== Material for this task ==
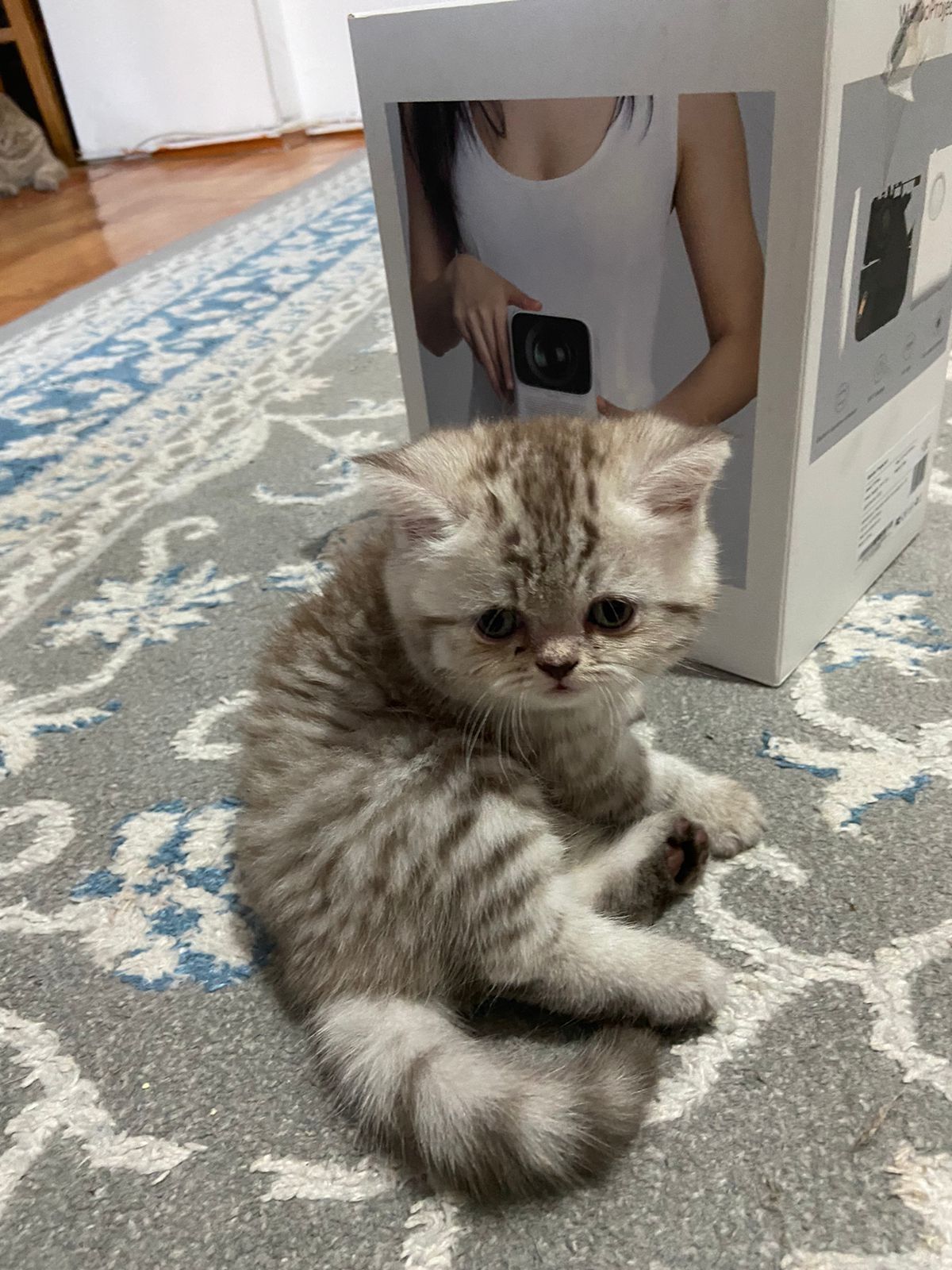 Вязка кота. Скоттиш фолд.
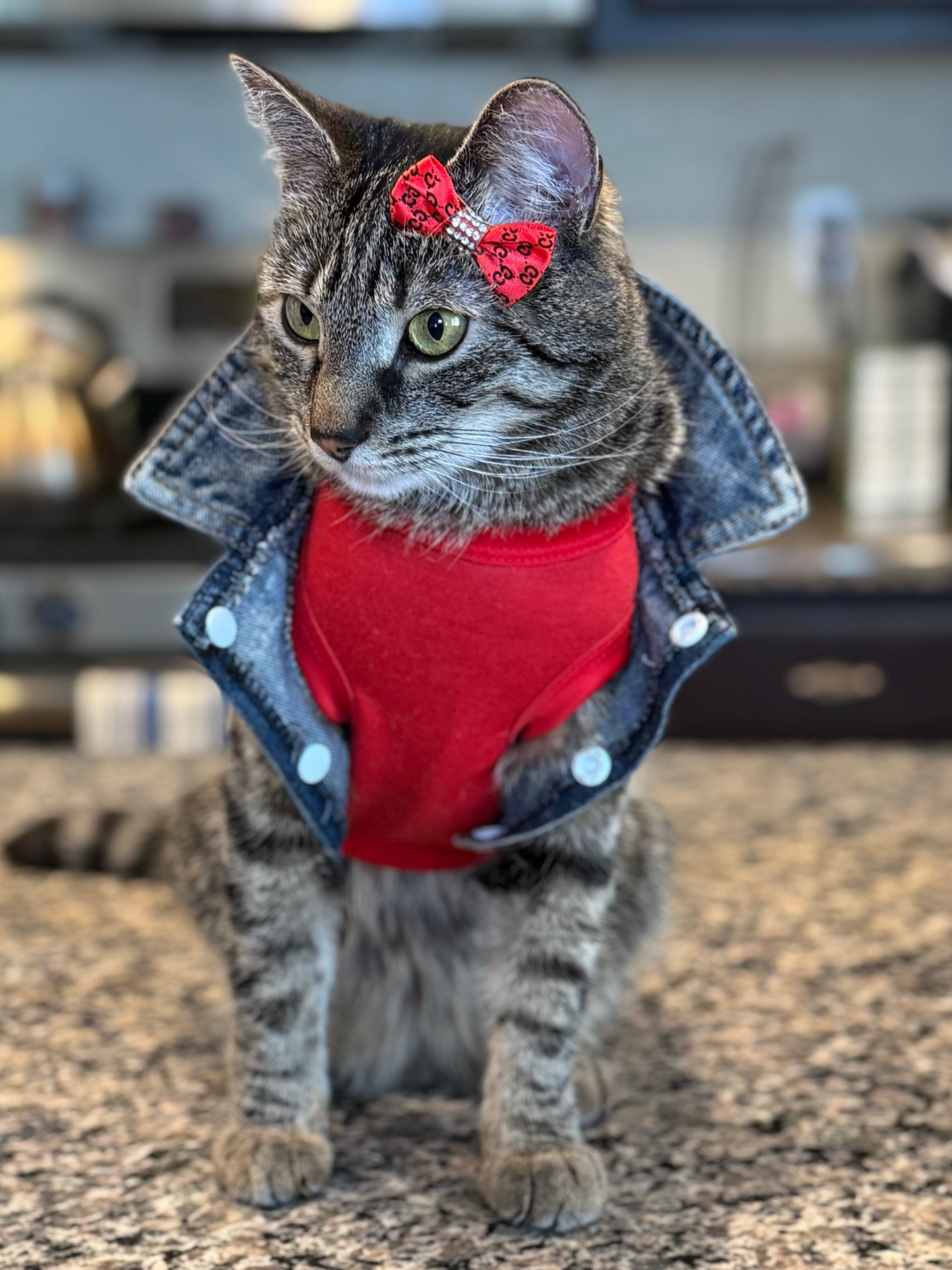 Pet Assorted & Matching- Rhinestone Bows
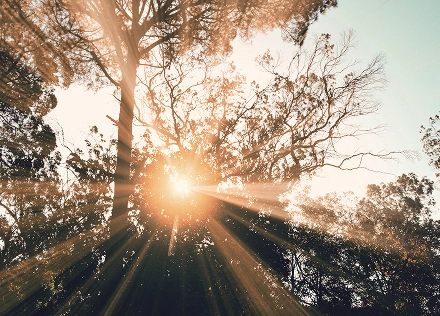 Silhouette of trees against sunset, symbolising inner reflection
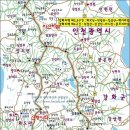 강화초지인삼센터 Daum카페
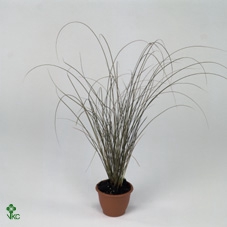 Carex 'Moon Falls' P23 (5ltr)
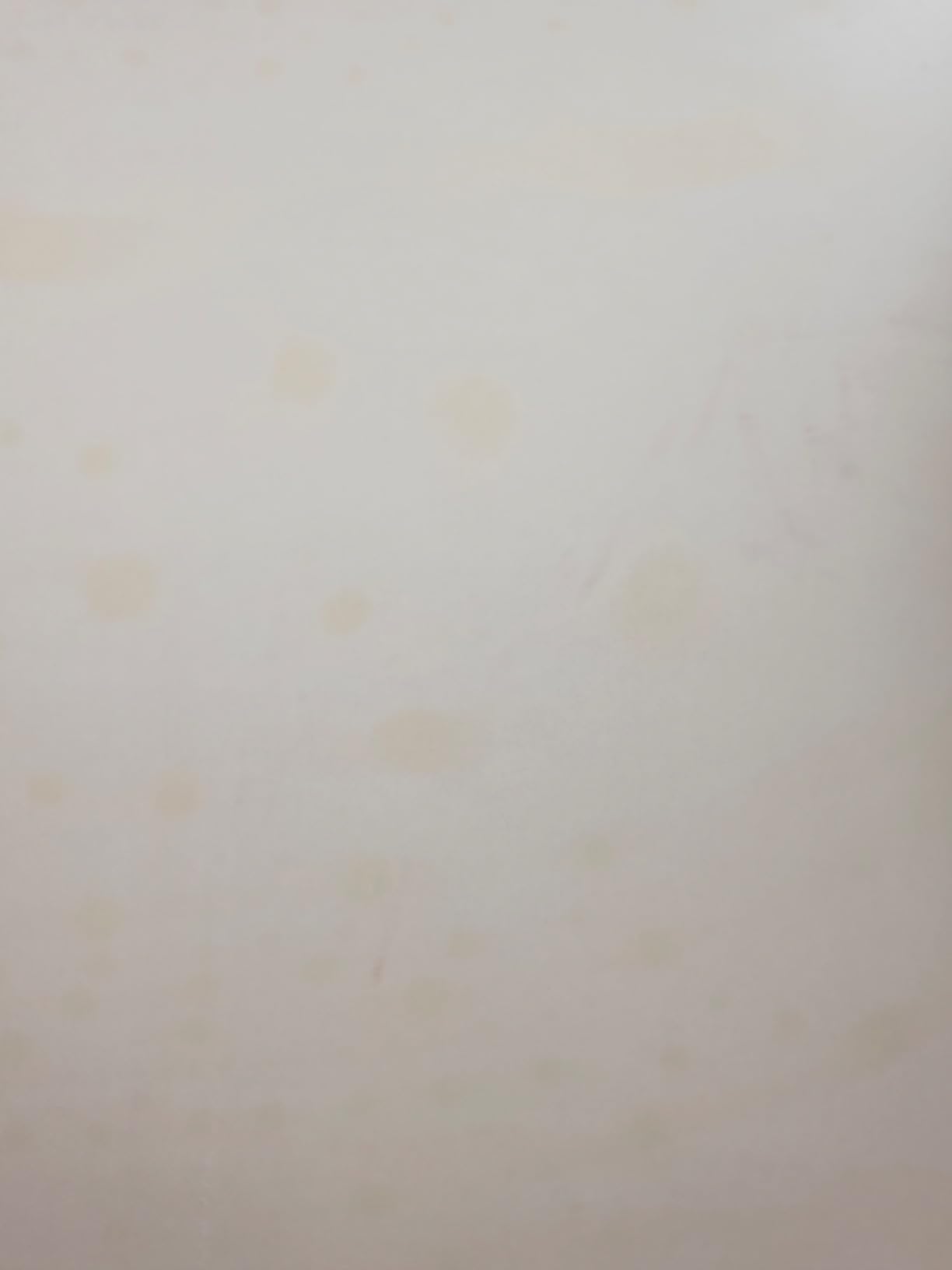 Sklum Kali tavolo da pranzo 190x95 cm gambe in vetro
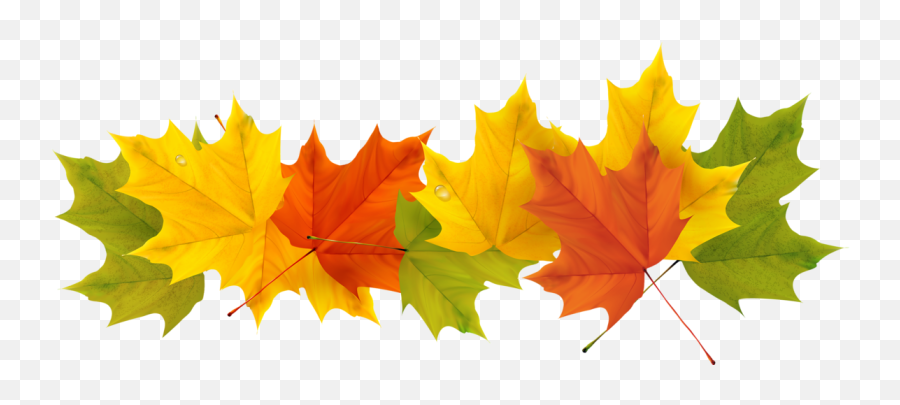 Free Leaf Png Transparent Download - Fall Cute Leaves Transparent Emoji,Fall Leave Emoji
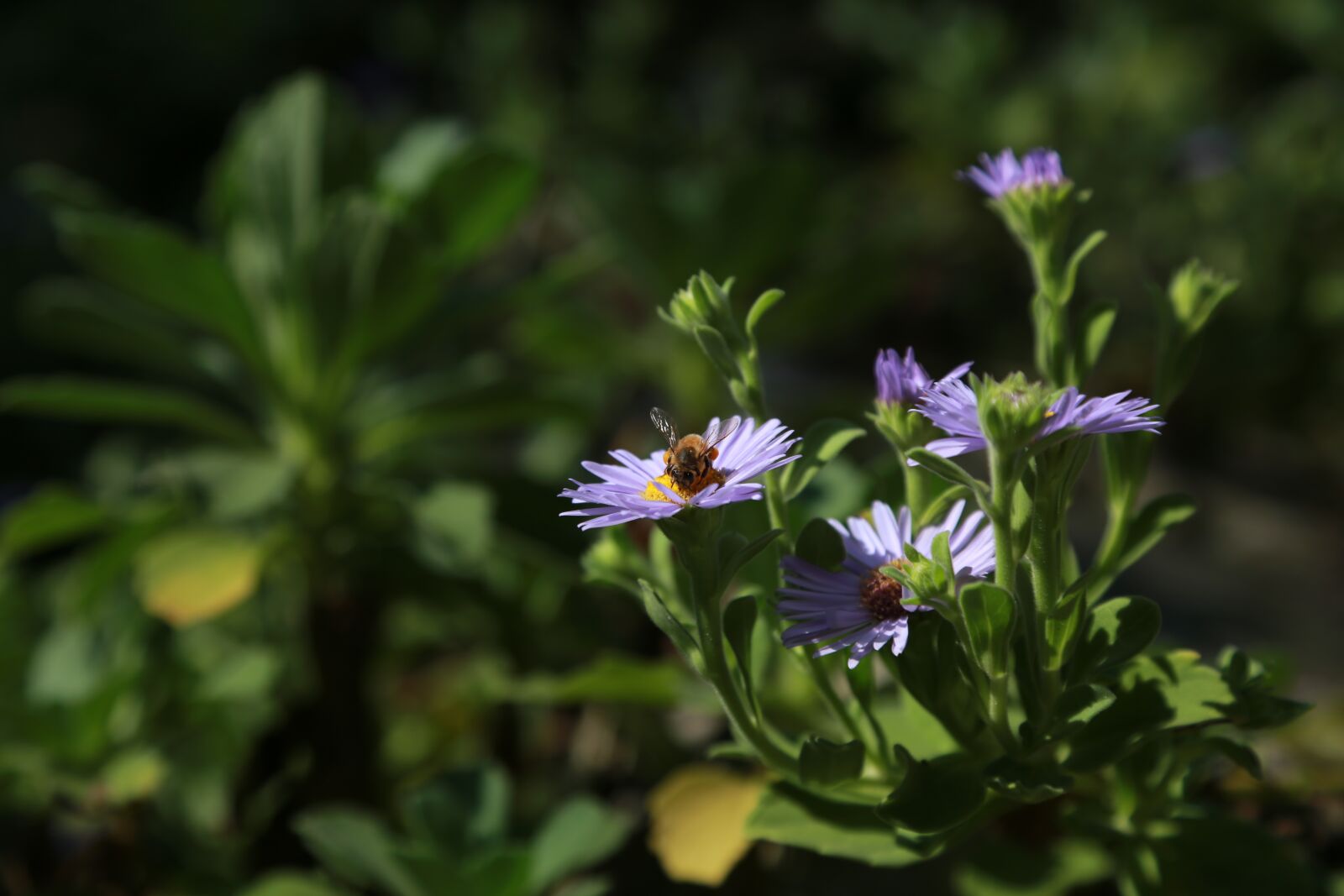 Canon EOS 6D + Canon EF 24-105mm F4L IS USM sample photo. Chrysanthemum, flowers, gujeolcho photography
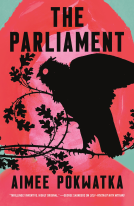 book cover for The Parliament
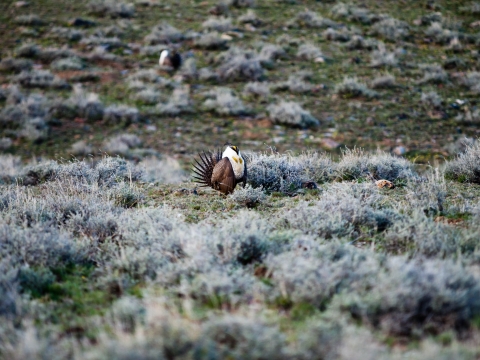 Greater Sage-Grouse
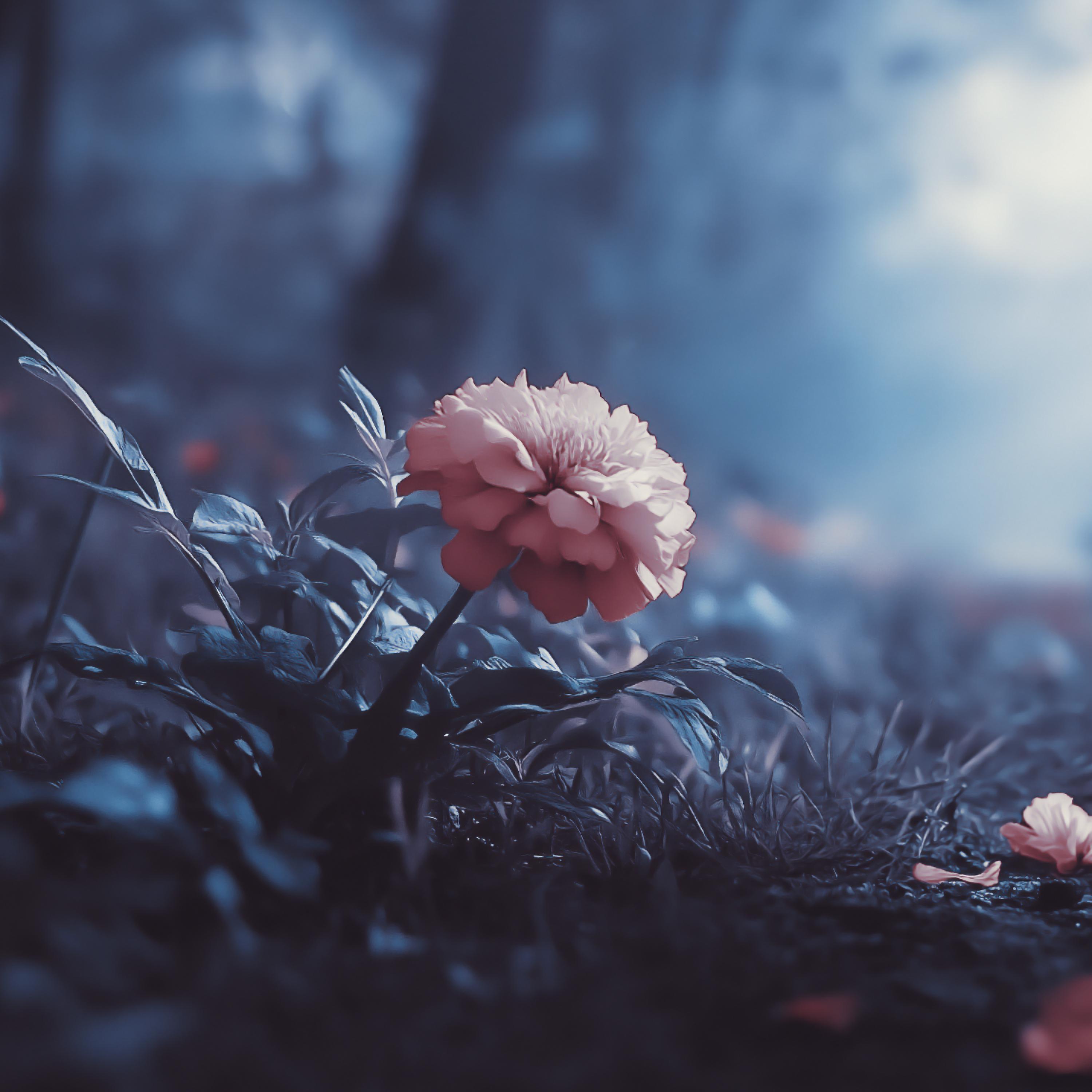 Релиз Wildhaven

== Exercise ==
Reproduce the records above exactly, but only from the line containing "Pet Assorted & Matching- Rhinestone Bows" through the last line, both included, and without any pictures.

== Expected answer ==
 Pet Assorted & Matching- Rhinestone Bows
 Silhouette of trees against sunset, symbolising inner reflection
 강화초지인삼센터 Daum카페
 Carex 'Moon Falls' P23 (5ltr)
 Sklum Kali tavolo da pranzo 190x95 cm gambe in vetro
 Free Leaf Png Transparent Download - Fall Cute Leaves Transparent Emoji,Fall Leave Emoji
 Canon EOS 6D + Canon EF 24-105mm F4L IS USM sample photo. Chrysanthemum, flowers, gujeolcho photography
 book cover for The Parliament
 Greater Sage-Grouse
 Релиз Wildhaven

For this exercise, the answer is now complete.